- THE PROBLEM:
Please retype the data that follows, starting at the line containing "A girl with" and stopping after the last line.
DATA PROVIDED Start Marker
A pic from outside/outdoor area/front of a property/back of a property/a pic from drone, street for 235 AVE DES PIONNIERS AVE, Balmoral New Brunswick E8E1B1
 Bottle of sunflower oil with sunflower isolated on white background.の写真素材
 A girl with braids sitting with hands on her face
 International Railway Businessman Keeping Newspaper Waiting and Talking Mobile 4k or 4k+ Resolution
DATA PROVIDED End Marker
- RESPONSE TO THE EXERCISE:
 A girl with braids sitting with hands on her face
 International Railway Businessman Keeping Newspaper Waiting and Talking Mobile 4k or 4k+ Resolution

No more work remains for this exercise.